Activity
Write out each record exactly as given, but do not include the pictures.

Record set
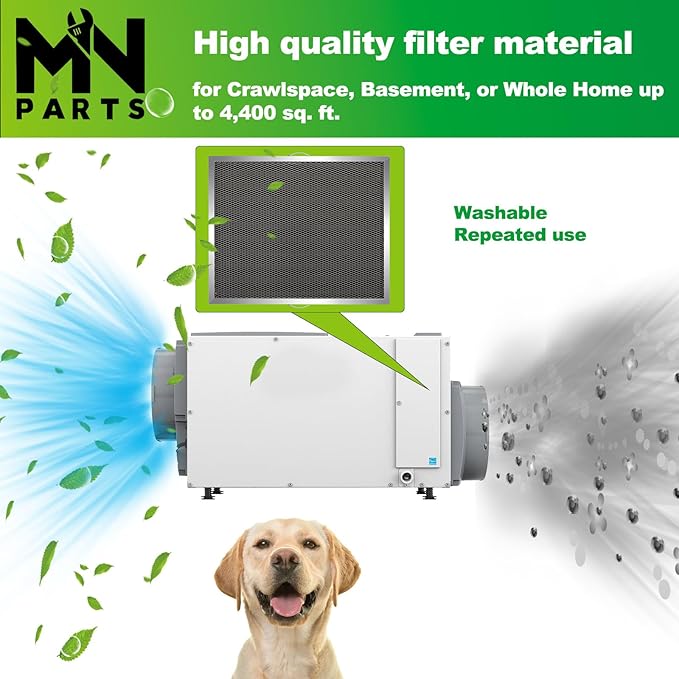 5881 Dehumidifier Filter Washable MERV-8 12x13.5x1 Compatible with Whole-House Dehumidifiers Models E100 E080 8192A and Dehumidifying Ventilator 8192A Replacement Filter 2 Packs - Image 3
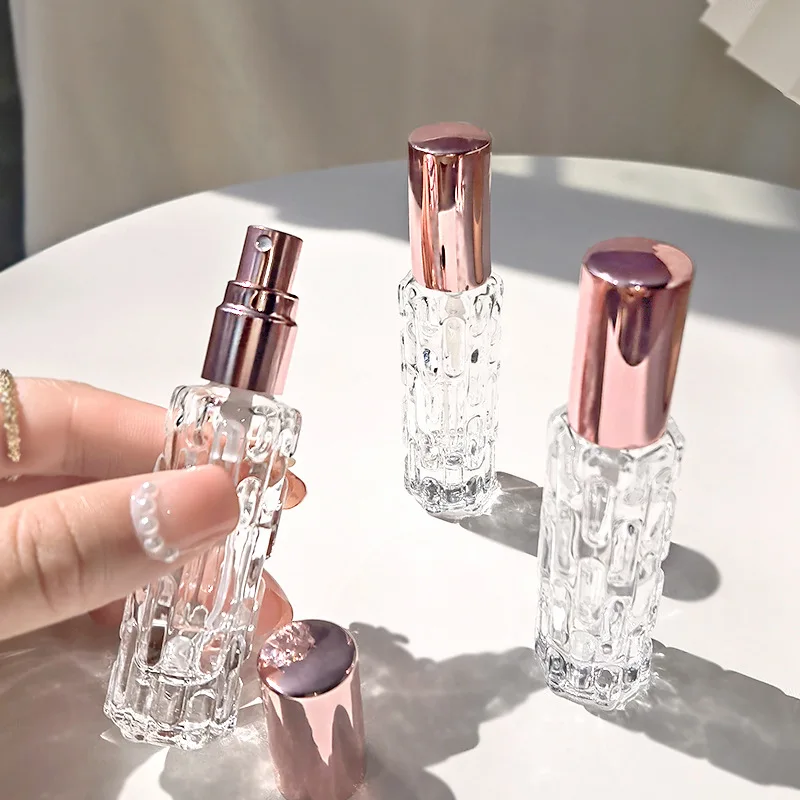 

Rose Gold Glass Portable Refillable Perfume Bottle Cosmetic Container Press Empty Spray Atomizer Travel Small Sub-bottle 10ml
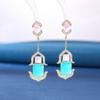 Pendientes de plata S925 con diseño de lazo de amor, de estilo pequeño, de lujo y con combinación de circonitas amarillas, para mujer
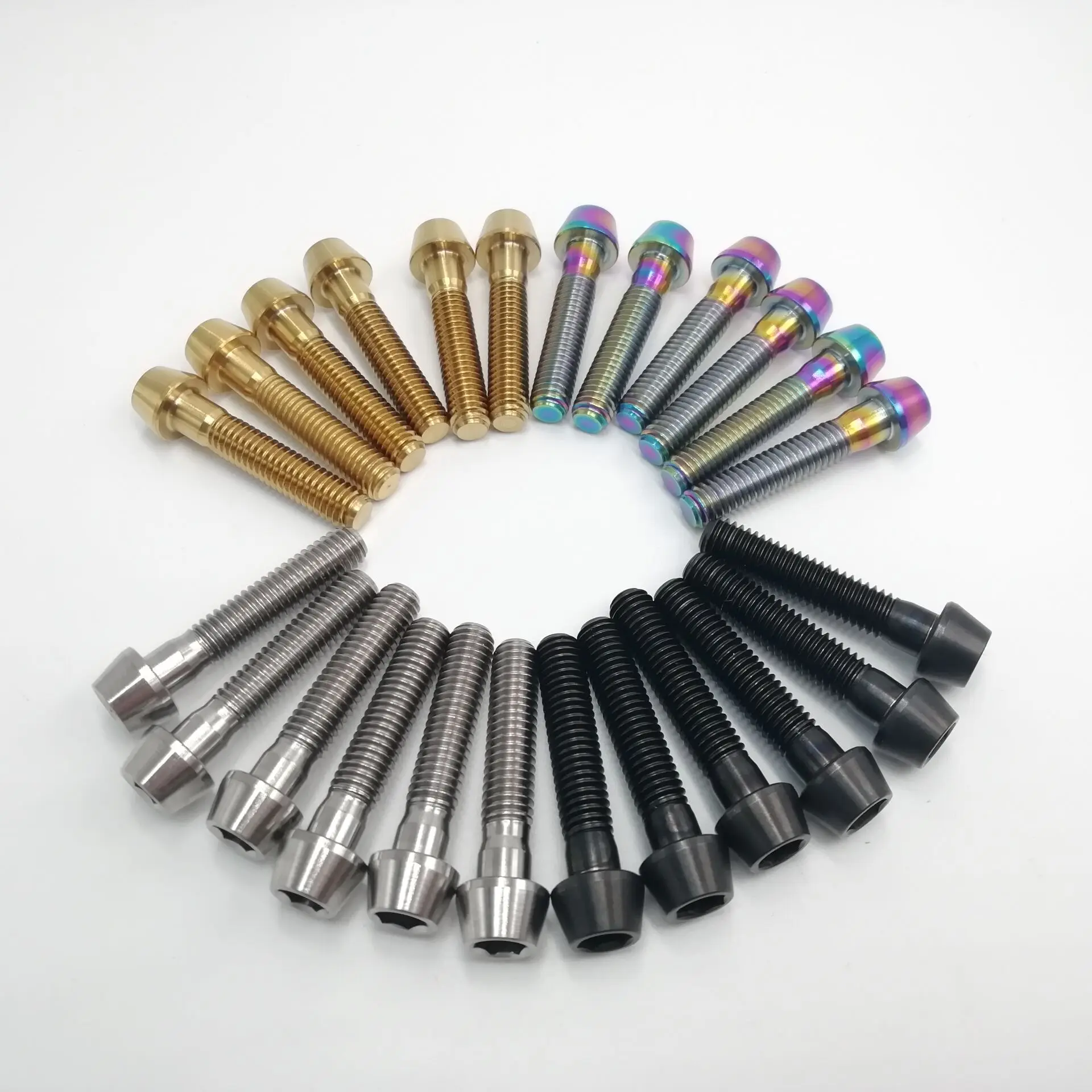 M6X30mm Titanium Ti Taper Head Bolts Allen Hex Screw Gold Rainbow Black Titanium Bike Accessory 6Pcs/LOT
M6X30mm Titanium Ti Taper Head Bolts Allen Hex Screw Gold Rainbow Black Titanium Bike Accessory 6Pcs/LOT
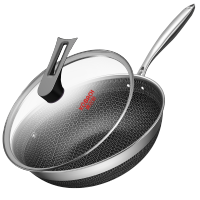 康巴赫 旗舰款炒锅不粘锅316L不锈钢蜂窝炒菜锅平底炒勺少油烟煤气灶电磁炉通用32cm 旗舰款+刀铲勺 32cm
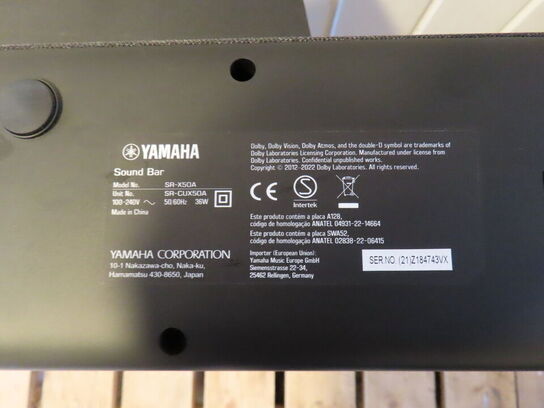 Sound Bar med subwoofer, YAMAHA SR-X50A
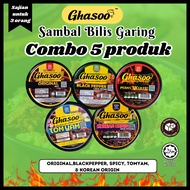 SAMBAL BILIS GARING GHASOO COMBO 5 BALANG (ORIGINAL,SPICY,BLACKPEPPER,TOMYAM & KOREAN) FREE SUGAR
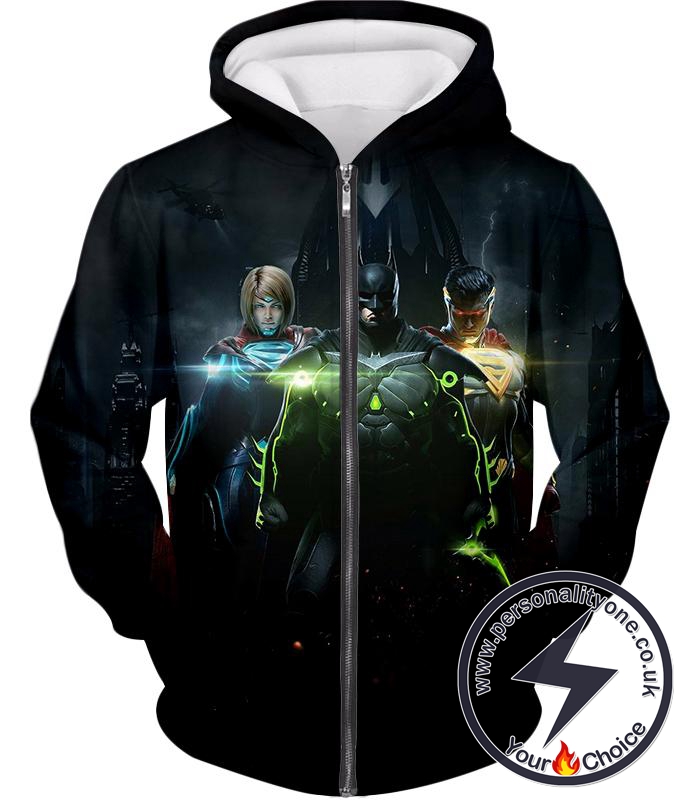 Next Generation Ultimate DC Heroes HD Graphic Black Zip Up Hoodie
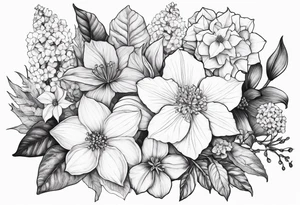 Hydrangea, Narcissus, Poinsettia, Holly, Gladiolus, Poppy, Daisy, Sweet Pea floral bouquet tattoo idea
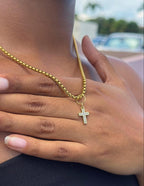 CZ Cross Pendant (Gold)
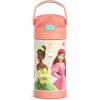 THERMOS FUNTAINER Water Bottle with Straw – 12 Ounce – Kids Stainless Steel Vacuum Insulated Water Bottle with Lid, Bluey(Princess)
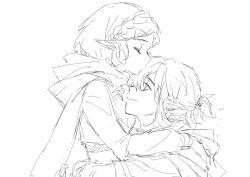 Rule 34 | 1boy, 1girl, hug, ji yuyun, kiss, kissing forehead, link, looking at another, nintendo, pointy ears, princess zelda, short hair, simple background, sketch, the legend of zelda, the legend of zelda: breath of the wild, white background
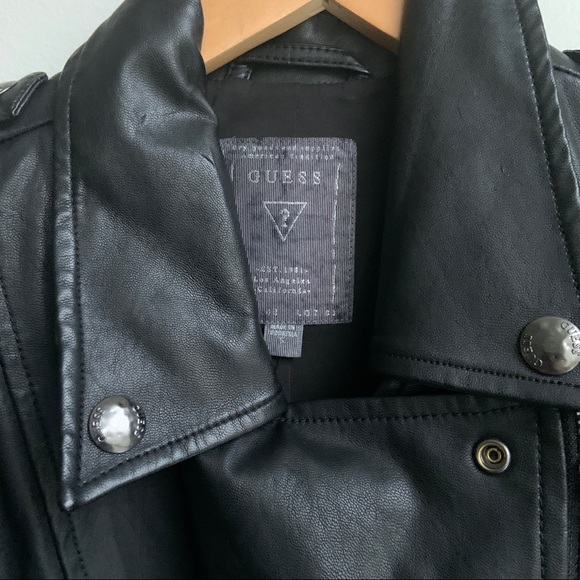 GUESS SLEEVLESS FAUX LEATHER JACKET - Picture 6 of 10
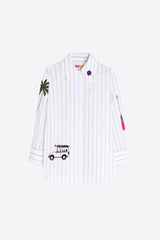 PALM TREE EMBROIDERED striped SHIRT
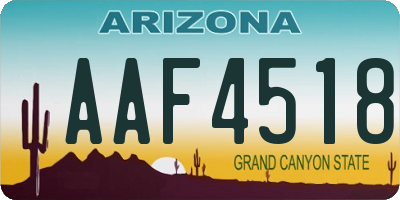 AZ license plate AAF4518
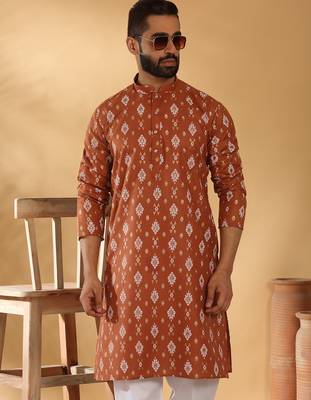 Cotton blend geometric printed rust kurta 1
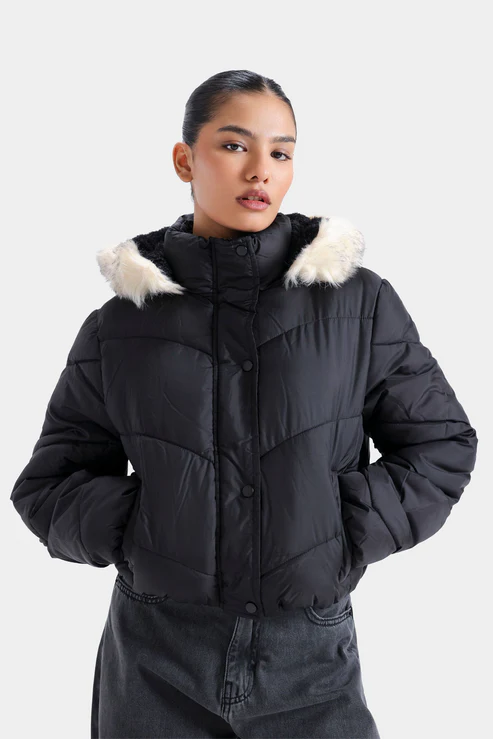 Quilted Puffer Jacket With Fur Hood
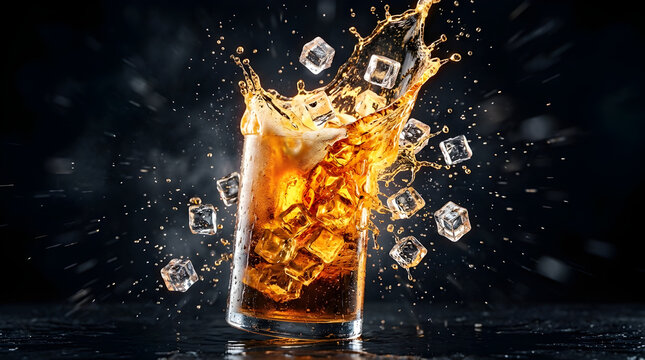 A dramatic splash of an amber beverage in a glass with ice cubes flying out against a dark background.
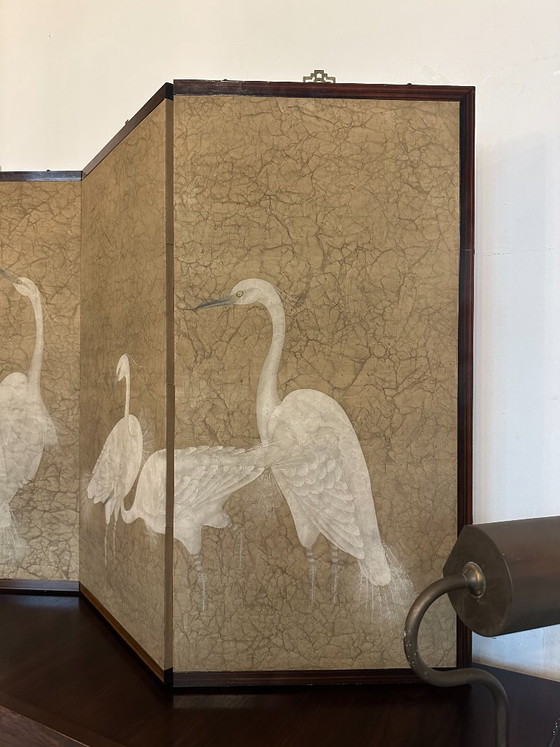 Paravento giapponese Luna e Gru Makura-Byōbu, circa anni '50 – Paraventi, Paper (photo 2 of 11)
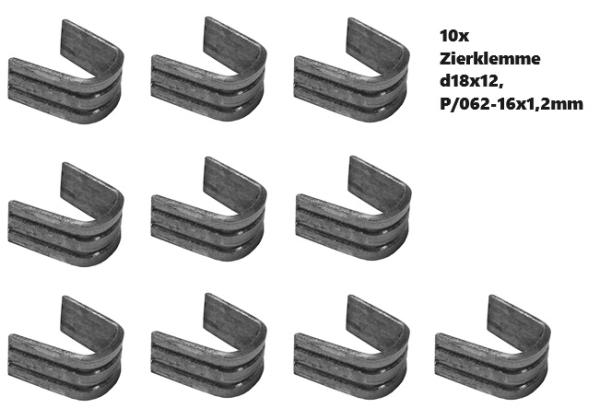 10x Zierklemme U-Bunde d18x12, P/062-16x1,2mm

Solution for this task
 5881 Dehumidifier Filter Washable MERV-8 12x13.5x1 Compatible with Whole-House Dehumidifiers Models E100 E080 8192A and Dehumidifying Ventilator 8192A Replacement Filter 2 Packs - Image 3

Rose Gold Glass Portable Refillable Perfume Bottle Cosmetic Container Press Empty Spray Atomizer Travel Small Sub-bottle 10ml
 Pendientes de plata S925 con diseño de lazo de amor, de estilo pequeño, de lujo y con combinación de circonitas amarillas, para mujer
 M6X30mm Titanium Ti Taper Head Bolts Allen Hex Screw Gold Rainbow Black Titanium Bike Accessory 6Pcs/LOT
M6X30mm Titanium Ti Taper Head Bolts Allen Hex Screw Gold Rainbow Black Titanium Bike Accessory 6Pcs/LOT
 康巴赫 旗舰款炒锅不粘锅316L不锈钢蜂窝炒菜锅平底炒勺少油烟煤气灶电磁炉通用32cm 旗舰款+刀铲勺 32cm
 Sound Bar med subwoofer, YAMAHA SR-X50A
 SAMBAL BILIS GARING GHASOO COMBO 5 BALANG (ORIGINAL,SPICY,BLACKPEPPER,TOMYAM & KOREAN) FREE SUGAR
 Next Generation Ultimate DC Heroes HD Graphic Black Zip Up Hoodie
 Hydrangea, Narcissus, Poinsettia, Holly, Gladiolus, Poppy, Daisy, Sweet Pea floral bouquet tattoo idea
 CZ Cross Pendant (Gold)
 THERMOS FUNTAINER Water Bottle with Straw – 12 Ounce – Kids Stainless Steel Vacuum Insulated Water Bottle with Lid, Bluey(Princess)
 Rule 34 | 1boy, 1girl, hug, ji yuyun, kiss, kissing forehead, link, looking at another, nintendo, pointy ears, princess zelda, short hair, simple background, sketch, the legend of zelda, the legend of zelda: breath of the wild, white background
 GUESS SLEEVLESS FAUX LEATHER JACKET - Picture 6 of 10
 PALM TREE EMBROIDERED striped SHIRT
 AZ license plate AAF4518
 Cotton blend geometric printed rust kurta 1
 Quilted Puffer Jacket With Fur Hood
 A dramatic splash of an amber beverage in a glass with ice cubes flying out against a dark background.
 Paravento giapponese Luna e Gru Makura-Byōbu, circa anni '50 – Paraventi, Paper (photo 2 of 11)
 10x Zierklemme U-Bunde d18x12, P/062-16x1,2mm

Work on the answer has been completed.